My School My Vote brought participatory budgeting into schools by allowing students to collaborate on budget proposals in a way similar to the real-world version. Although the students haven’t reached voting age, youth are very influential and can bring the concept back to their larger community. ”If you start with school participatory budgeting,” says Rakos, “you implicitly attract a market approach towards the adult demographic.” A school-based pilot is also an excellent civic education tool that encourages students to become active citizens. “It’s a practical exercise in democracy,” says Mwansa. “[They can] start developing these skills now, learning to discuss differences in a civil way, campaigning, and proposing to better their lives and community.”
Across the two schools, students submitted over 140 budget proposals, which were then voted upon by the student body. The winning teams received funds to stock one school’s computer lab with mice and fill other’s science lab with chemicals and equipment. Funds came in part from a TechCamp small grant, and Mwansa also received in-kind assistance such as training from Rakos, and free conference space provided by the American Corner in Kitwe. Mwansa was later invited to speak at several events, including the UN ECOSOC Best Practices Showcase and the March 2019 YALI TechCamp Reconnect in Nigeria, where he spoke on the TechCamp success cases panel.

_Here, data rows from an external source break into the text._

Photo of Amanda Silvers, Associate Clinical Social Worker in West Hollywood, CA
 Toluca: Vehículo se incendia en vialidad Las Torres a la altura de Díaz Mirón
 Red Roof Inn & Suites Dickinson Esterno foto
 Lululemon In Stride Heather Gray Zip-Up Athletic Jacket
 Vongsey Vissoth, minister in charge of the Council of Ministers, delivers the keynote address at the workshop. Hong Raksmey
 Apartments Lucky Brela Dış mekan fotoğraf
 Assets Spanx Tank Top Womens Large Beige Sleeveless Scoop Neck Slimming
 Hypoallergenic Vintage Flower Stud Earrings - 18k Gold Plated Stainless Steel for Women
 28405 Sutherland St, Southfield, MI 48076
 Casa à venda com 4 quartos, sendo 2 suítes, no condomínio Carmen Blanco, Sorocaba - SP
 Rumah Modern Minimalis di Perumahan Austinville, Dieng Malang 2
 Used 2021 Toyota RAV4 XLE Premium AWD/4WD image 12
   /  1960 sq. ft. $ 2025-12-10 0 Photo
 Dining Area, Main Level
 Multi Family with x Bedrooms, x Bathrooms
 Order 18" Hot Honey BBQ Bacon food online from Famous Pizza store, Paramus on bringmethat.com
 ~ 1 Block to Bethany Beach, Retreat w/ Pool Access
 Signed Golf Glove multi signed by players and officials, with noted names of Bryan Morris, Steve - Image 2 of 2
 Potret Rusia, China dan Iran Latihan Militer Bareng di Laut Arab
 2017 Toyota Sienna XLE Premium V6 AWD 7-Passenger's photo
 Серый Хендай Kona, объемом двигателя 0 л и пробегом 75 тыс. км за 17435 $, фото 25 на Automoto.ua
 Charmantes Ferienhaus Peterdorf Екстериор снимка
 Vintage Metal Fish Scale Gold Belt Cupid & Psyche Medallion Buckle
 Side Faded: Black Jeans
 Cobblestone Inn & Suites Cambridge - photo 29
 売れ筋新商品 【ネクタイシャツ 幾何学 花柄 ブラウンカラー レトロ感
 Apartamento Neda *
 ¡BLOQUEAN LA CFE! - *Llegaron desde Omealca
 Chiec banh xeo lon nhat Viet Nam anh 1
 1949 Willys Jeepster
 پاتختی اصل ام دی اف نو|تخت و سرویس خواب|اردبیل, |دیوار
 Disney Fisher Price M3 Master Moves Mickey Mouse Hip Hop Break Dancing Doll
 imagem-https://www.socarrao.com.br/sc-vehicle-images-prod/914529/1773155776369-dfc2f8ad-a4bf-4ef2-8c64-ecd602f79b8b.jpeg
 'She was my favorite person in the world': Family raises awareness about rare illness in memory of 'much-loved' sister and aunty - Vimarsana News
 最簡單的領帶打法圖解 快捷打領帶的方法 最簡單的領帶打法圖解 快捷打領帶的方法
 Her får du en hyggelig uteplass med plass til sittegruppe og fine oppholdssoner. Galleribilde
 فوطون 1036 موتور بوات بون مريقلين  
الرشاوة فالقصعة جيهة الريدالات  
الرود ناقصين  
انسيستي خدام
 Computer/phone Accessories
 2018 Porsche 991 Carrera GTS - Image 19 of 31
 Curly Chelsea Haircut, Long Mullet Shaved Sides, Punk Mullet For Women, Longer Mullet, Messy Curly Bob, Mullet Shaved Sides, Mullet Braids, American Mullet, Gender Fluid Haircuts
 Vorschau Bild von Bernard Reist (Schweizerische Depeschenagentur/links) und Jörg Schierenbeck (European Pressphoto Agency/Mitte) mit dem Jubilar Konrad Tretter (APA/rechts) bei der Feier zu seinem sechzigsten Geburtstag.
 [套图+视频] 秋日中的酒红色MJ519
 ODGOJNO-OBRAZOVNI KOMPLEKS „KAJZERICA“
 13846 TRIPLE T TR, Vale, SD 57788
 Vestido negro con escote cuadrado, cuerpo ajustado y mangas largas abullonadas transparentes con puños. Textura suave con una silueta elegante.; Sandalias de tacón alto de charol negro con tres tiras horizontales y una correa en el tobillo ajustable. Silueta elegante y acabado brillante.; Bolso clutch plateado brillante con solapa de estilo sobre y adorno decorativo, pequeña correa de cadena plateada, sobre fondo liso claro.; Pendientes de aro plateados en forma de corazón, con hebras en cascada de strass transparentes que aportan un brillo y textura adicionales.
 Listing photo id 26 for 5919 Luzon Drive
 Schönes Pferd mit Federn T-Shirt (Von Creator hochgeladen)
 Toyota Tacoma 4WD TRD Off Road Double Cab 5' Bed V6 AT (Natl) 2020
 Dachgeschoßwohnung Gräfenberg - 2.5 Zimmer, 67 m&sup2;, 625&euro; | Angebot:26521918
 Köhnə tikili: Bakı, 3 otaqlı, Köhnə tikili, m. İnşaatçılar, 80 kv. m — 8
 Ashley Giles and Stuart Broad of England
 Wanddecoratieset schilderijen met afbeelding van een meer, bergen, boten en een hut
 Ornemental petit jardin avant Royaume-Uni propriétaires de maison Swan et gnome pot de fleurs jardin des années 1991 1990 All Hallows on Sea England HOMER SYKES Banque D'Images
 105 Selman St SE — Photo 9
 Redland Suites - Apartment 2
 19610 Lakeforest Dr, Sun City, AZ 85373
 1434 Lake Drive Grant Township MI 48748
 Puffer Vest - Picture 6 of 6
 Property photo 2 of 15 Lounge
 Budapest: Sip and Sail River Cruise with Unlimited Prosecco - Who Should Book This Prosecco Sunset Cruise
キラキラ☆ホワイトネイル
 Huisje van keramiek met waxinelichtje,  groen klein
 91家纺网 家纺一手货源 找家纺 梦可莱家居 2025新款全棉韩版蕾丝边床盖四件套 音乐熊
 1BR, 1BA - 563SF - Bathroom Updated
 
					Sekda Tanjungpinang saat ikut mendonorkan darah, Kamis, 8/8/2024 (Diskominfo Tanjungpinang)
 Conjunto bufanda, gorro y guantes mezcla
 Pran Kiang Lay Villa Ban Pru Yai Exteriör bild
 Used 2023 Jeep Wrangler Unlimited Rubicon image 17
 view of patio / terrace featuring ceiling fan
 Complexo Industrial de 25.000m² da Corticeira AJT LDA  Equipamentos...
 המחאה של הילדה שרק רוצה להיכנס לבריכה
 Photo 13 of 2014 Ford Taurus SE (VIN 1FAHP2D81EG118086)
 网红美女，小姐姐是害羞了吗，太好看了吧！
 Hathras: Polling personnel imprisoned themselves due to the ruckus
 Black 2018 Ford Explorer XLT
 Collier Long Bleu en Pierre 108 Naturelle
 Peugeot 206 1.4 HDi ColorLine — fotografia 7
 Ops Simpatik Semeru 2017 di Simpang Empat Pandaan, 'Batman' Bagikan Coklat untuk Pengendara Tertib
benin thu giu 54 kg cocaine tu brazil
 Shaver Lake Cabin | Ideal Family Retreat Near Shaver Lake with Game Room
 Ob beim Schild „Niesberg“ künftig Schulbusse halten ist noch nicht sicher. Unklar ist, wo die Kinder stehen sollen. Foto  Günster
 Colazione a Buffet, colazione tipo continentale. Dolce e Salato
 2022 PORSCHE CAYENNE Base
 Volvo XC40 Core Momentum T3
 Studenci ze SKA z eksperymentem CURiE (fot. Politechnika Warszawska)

Currently, Mwansa and Rakos are continuing with the plan they originally developed at the 2016 Ghana TechCamp. This summer, they held a capacity-building workshop with Kitwe city officials, the first step towards implementing participatory planning in the city. Mwansa is also developing training for similar projects across Africa. “The benefit in doing it in Zambia is applicable in other countries,” he explains. “[We] introduce the concept and then help them with the process.” The training will be supplemented by a website with open-access materials and resources for PB project development. In addition, Mwansa has recently founded a startup incubator and innovation hub, Copperbelt Innovation and Technology. The incubator has already registered five start-ups and is testing them for market fit.
Rakos attests their projects’ success to the development opportunities available at TechCamp, as well as the connections made there. “You’re meeting with the smartest people in the region,” he says. “It enriches what we do here in Europe and elsewhere.” Most recently, Rakos co-founded Participation Factory, a social impact enterprise that aims to support participatory processes in the Czech Republic and beyond. There, Rakos designs and evaluates participatory processes, provides training, and serves as a civic tech advisor for municipalities, politicians, NGOs, and others.
Since their first meeting as TechCamp trainer and trainee, Mwansa and Rakos have built a strong relationship of mentorship and collaboration. Rakos admires Mwansa’s persistence and drive. “He’s a dreamer… he dreams big and goes after those dreams,” he comments. Each has visited the other’s country multiple times for training and conferences. Mwansa plans to visit the Czech Republic in February 2020 to develop a new startup accelerator project, yet another product of the relationship they built three years ago at the Ghana TechCamp.